В это же приблизительно время состоялось мое знакомство с Л. Толстым. Но было бы неточно сказать, что я его тогда увидал впервые.
Гимназистом 2-го класса я с братьями, по случаю дифтерита в семье, был помещен на житье к другу отца, московскому губернатору В. С. Перфильеву (прототипу Стивы Облонского); его жена, Прасковья Федоровна, была дочь знаменитого "Американца" графа Толстого (увековеченного Грибоедовым), дальнего родственника Льва Николаевича. Раз в их гостиную вошел господин в блузе и высоких смазных сапогах; уже после его ухода я узнал, что это был Л. Н. Толстой; его "Детство и отрочество" я уже читал и поэтому очень жалел, что обратил мало внимания на редкого гостя, а занимался больше собакой, которую он с собой приводил. Помню облик его, большую, окладистую, еще не поседевшую бороду, словом таким, каким его изображают портреты, где он снимался в городском еще платье. На вопрос о его странном наряде Прасковья Федоровна объяснила, что Л. Толстой оригинал, вечно юродствует, что сейчас он вздумал подражать простому народу; при этом добавила, что для такого гениального писателя все {164} простительно, но что мы, дети, не должны с него обезьянничать.
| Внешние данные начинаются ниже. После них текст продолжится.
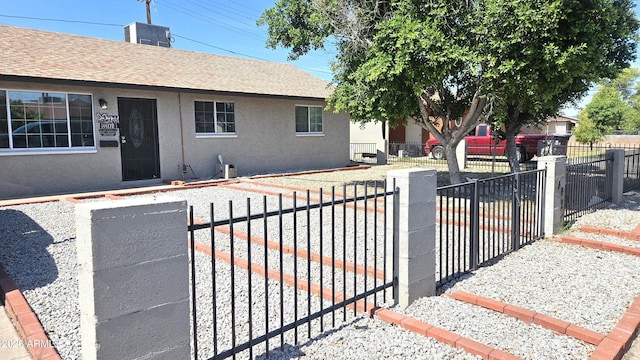 4427 W Crittenden Ln, Phoenix, AZ 85031 - view of front of property featuring roof with shingles, a fenced front yard, and stucco siding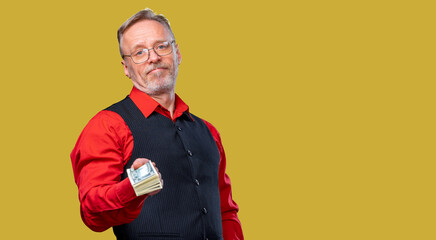 A Man Holding Money in a Red Shirt and Black Vest. A man in a red shirt and black vest holding money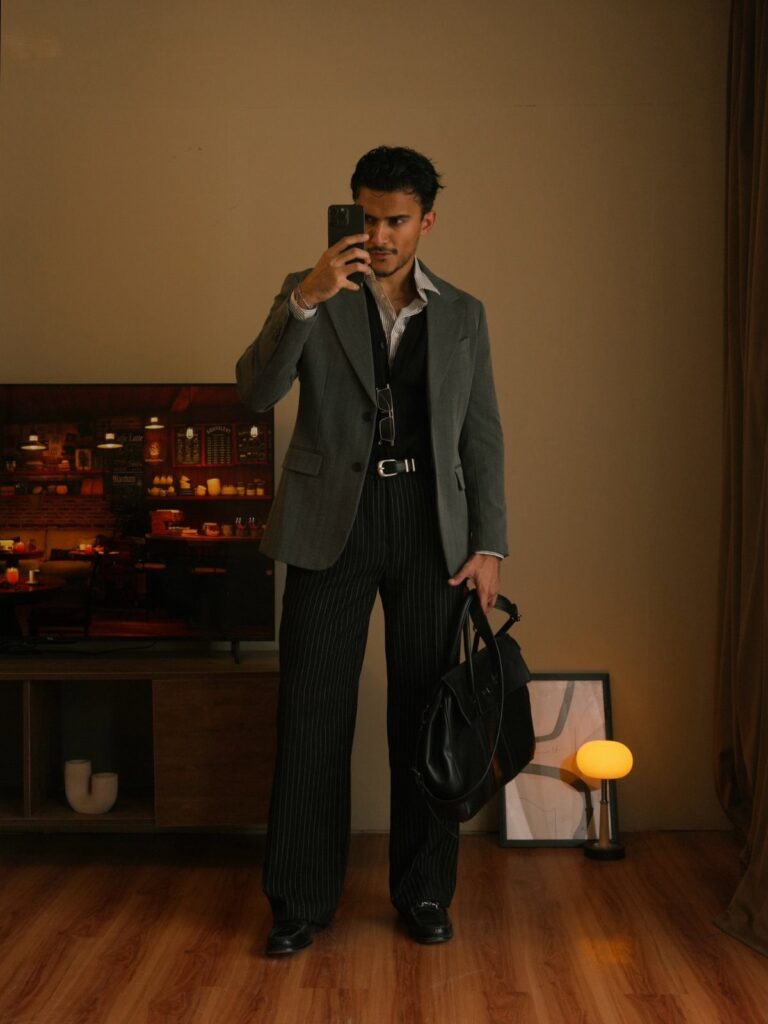 Man in a grey blazer and pinstriped trousers taking a mirror selfie indoors.
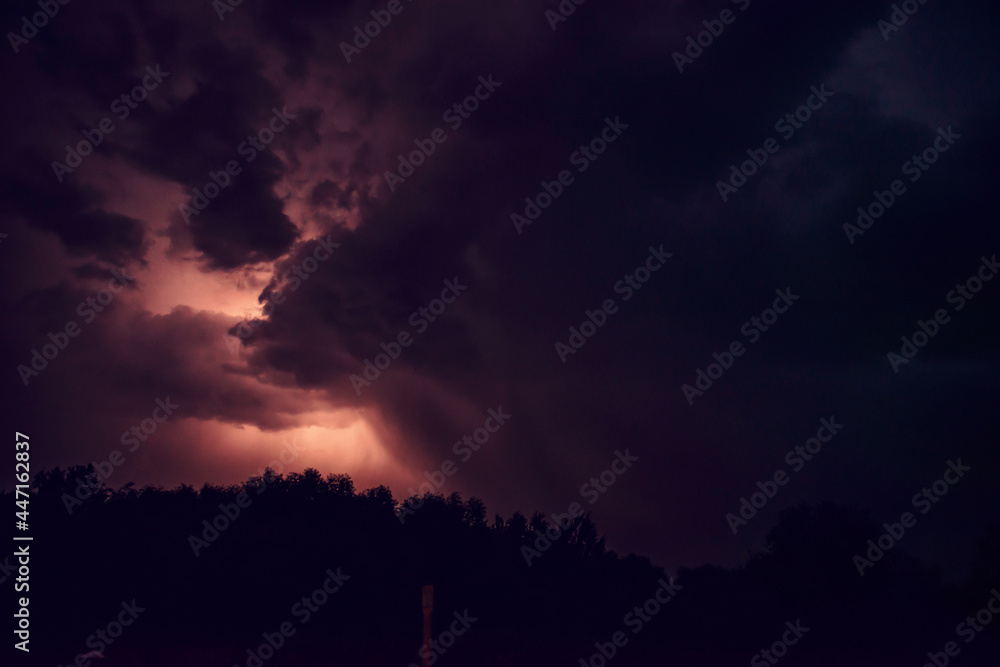 fantastic shots of shooting a night thunderstorm. lightning flashes in the depths of the storm clouds, illuminating the night sky with light. travel, natural phenomena. night shooting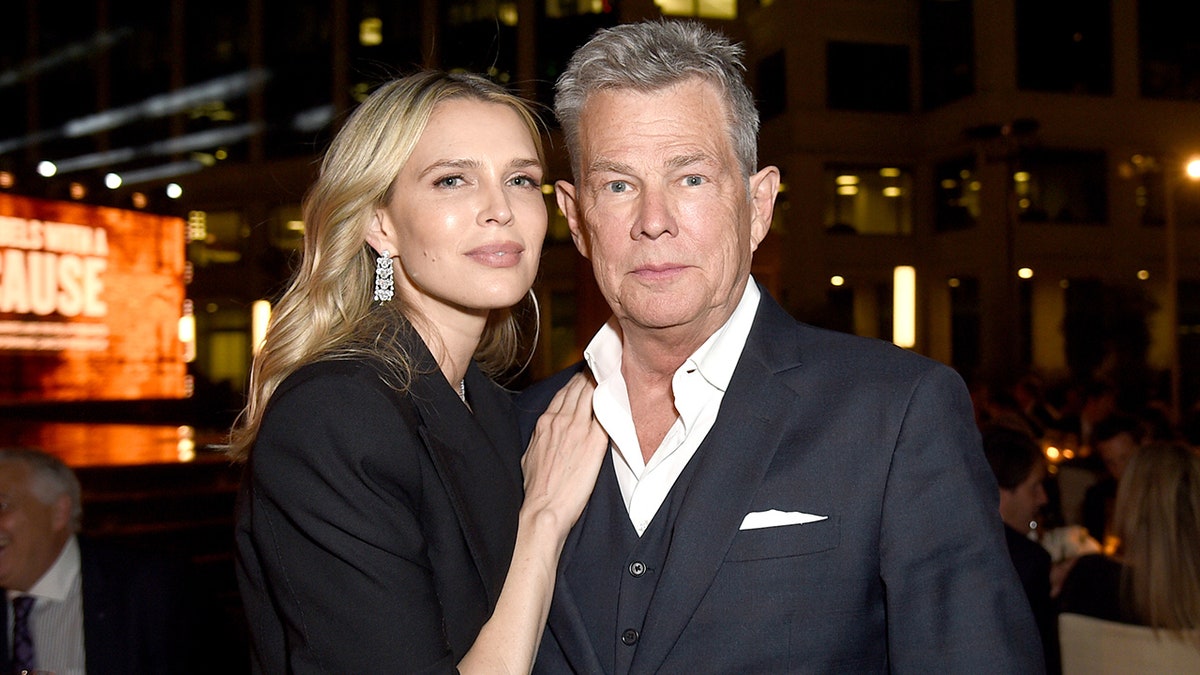 Sara Foster in a black coat puts her hand on David Foster ina black suit at an event in California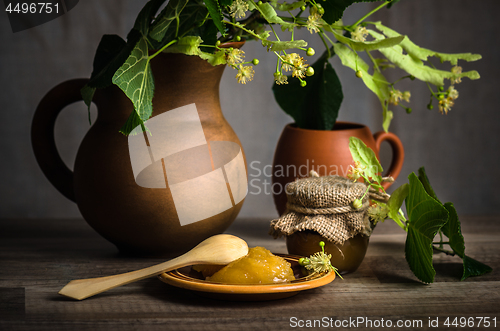 Image of Jar with white honey on the table,\rclose-up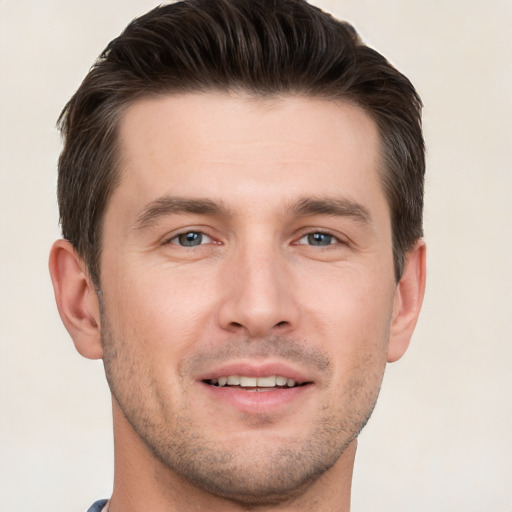 Joyful white young-adult male with short  brown hair and brown eyes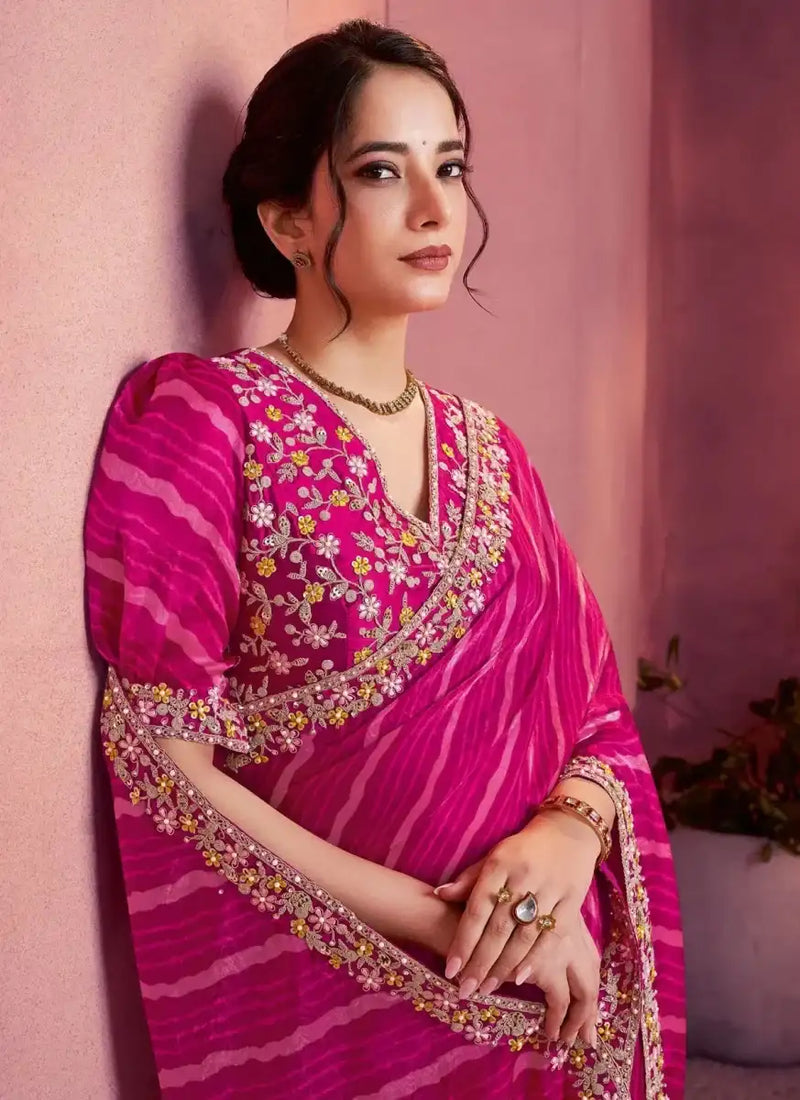 Fuchsia pink satin saree with leheriya wave pattern and floral-gold border; puff sleeves blouse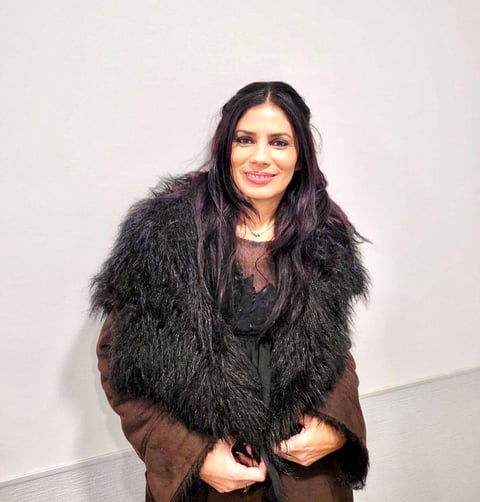 Raquel Alves posing for the camera with a brown furred coat and a smile.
Этим впечатлением ограничилась наша первая встреча.
Позднее студентом я его неожиданно встретил на улице; он шел по Никитской, не узнать его сразу было нельзя. В маленькой круглой шапочке, с большой уже совершенно седой бородой, широкоплечий и еще мощный, - он был точь-в-точь таким, каким его изображают его первые портреты в блузе в XII томе его сочинений. Я инстинктивно за ним пошел и не спускал с него глаз; забегал вперед, чтобы еще раз с ним повстречаться; завидовал тем, с кем он заговаривал.
Подойти же к нему я тогда не решился и ограничился созерцанием издали.